Problem - Look through the records below for the line with "http://diglib.hab.de/mss/697-24-theol/00255.jpg". Return that line and each one after it up to and including the line with "Load image into", exactly.

Source data -
※ ※ ※

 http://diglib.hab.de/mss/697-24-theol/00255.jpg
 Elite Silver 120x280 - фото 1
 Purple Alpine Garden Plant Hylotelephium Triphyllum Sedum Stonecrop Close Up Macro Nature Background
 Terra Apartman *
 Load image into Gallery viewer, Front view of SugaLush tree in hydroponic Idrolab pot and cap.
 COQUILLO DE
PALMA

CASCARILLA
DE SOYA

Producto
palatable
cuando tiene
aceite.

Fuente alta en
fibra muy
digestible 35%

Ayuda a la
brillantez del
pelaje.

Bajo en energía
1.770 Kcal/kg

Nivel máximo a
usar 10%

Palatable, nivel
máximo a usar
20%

※ ※ ※

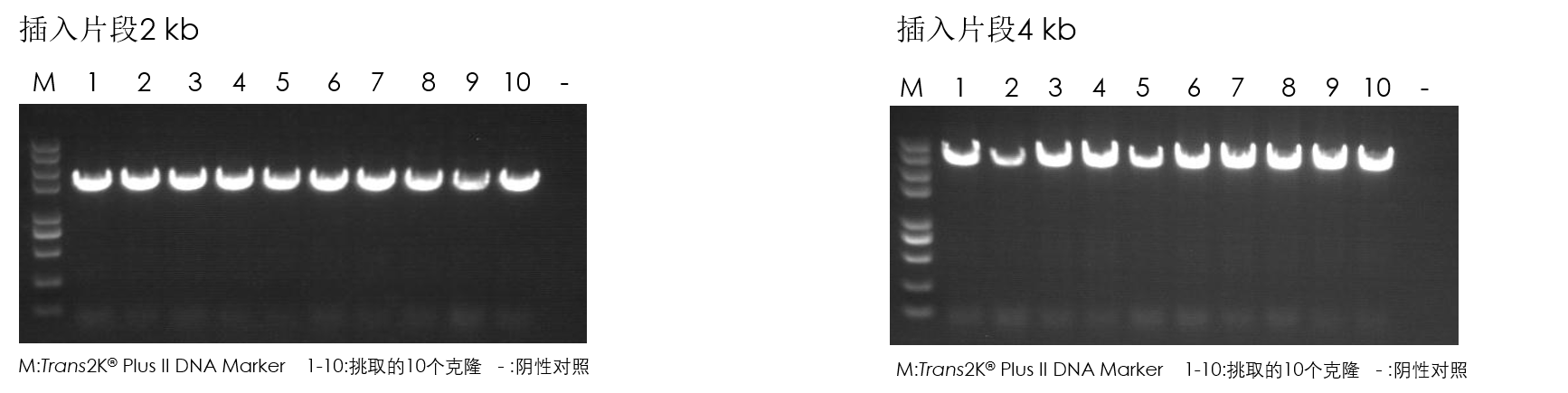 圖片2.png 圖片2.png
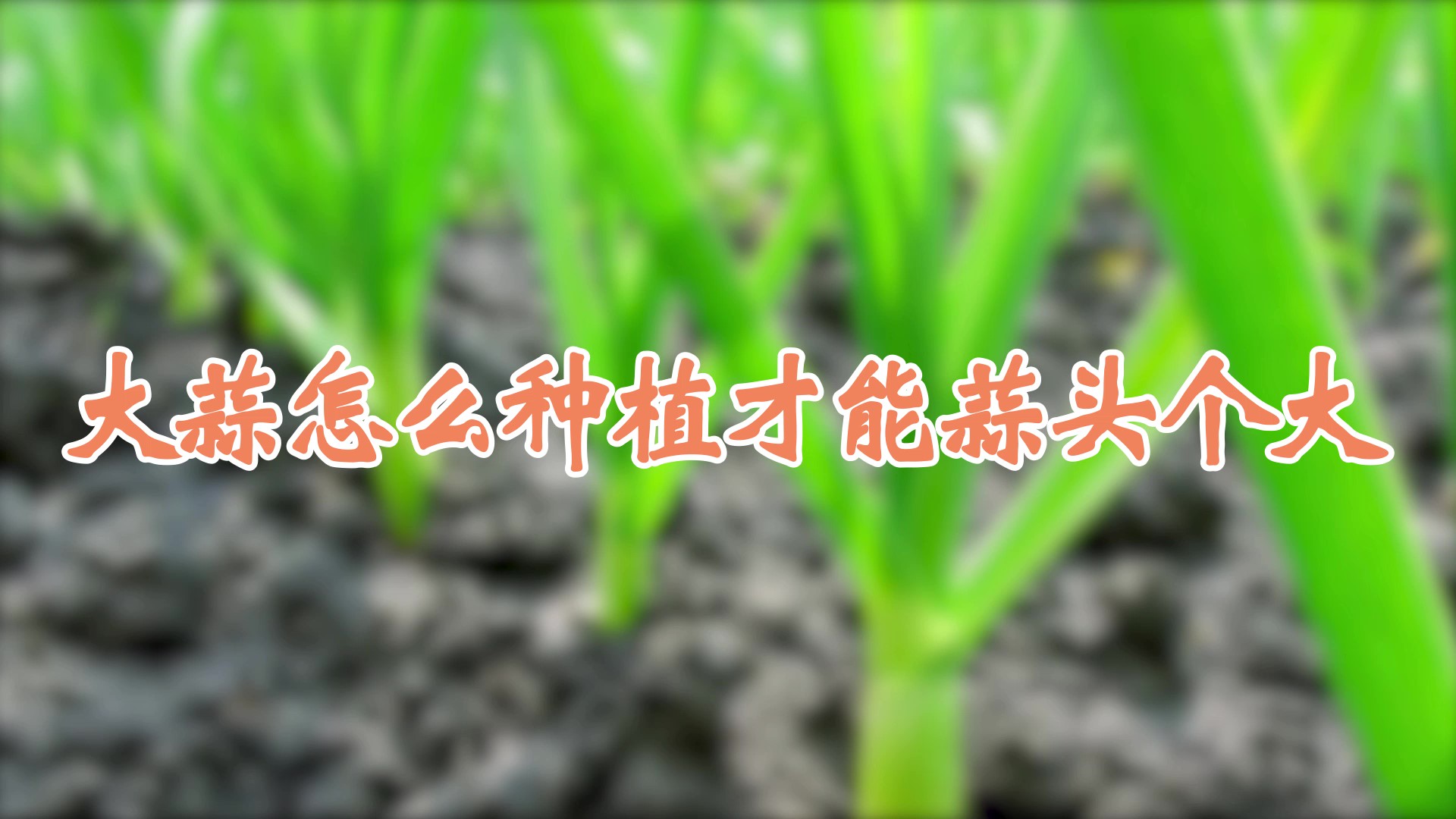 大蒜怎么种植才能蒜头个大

※ ※ ※

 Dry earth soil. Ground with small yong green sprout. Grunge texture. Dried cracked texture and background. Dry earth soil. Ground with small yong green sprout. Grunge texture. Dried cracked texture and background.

※ ※ ※

Output for this task -
 http://diglib.hab.de/mss/697-24-theol/00255.jpg
 Elite Silver 120x280 - фото 1
 Purple Alpine Garden Plant Hylotelephium Triphyllum Sedum Stonecrop Close Up Macro Nature Background
 Terra Apartman *
 Load image into Gallery viewer, Front view of SugaLush tree in hydroponic Idrolab pot and cap.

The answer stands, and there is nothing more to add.